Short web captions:
==*==

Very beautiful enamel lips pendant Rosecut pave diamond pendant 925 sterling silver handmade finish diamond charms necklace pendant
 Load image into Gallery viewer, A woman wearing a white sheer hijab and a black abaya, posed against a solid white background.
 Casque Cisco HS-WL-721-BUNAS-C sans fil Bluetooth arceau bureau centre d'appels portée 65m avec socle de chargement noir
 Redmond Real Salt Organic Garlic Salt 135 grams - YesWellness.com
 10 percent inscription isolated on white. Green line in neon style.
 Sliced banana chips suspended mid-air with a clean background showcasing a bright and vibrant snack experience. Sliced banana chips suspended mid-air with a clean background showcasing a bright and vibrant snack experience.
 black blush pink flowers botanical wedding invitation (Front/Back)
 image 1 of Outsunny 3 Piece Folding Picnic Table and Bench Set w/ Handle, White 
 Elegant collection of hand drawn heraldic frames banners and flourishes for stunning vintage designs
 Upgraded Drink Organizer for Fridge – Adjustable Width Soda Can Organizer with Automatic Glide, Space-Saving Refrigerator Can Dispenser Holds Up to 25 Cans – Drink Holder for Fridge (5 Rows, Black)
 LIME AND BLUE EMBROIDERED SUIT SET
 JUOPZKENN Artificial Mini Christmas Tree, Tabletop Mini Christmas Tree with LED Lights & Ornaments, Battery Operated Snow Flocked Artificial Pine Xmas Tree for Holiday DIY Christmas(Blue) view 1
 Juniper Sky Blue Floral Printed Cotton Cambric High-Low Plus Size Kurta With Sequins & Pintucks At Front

==*==

What is needed is an exact copy of the lines above, from the one containing "Redmond Real Salt" through the one containing "10 percent inscription", with nothing added.

▶ **Task output**
 Redmond Real Salt Organic Garlic Salt 135 grams - YesWellness.com
 10 percent inscription isolated on white. Green line in neon style.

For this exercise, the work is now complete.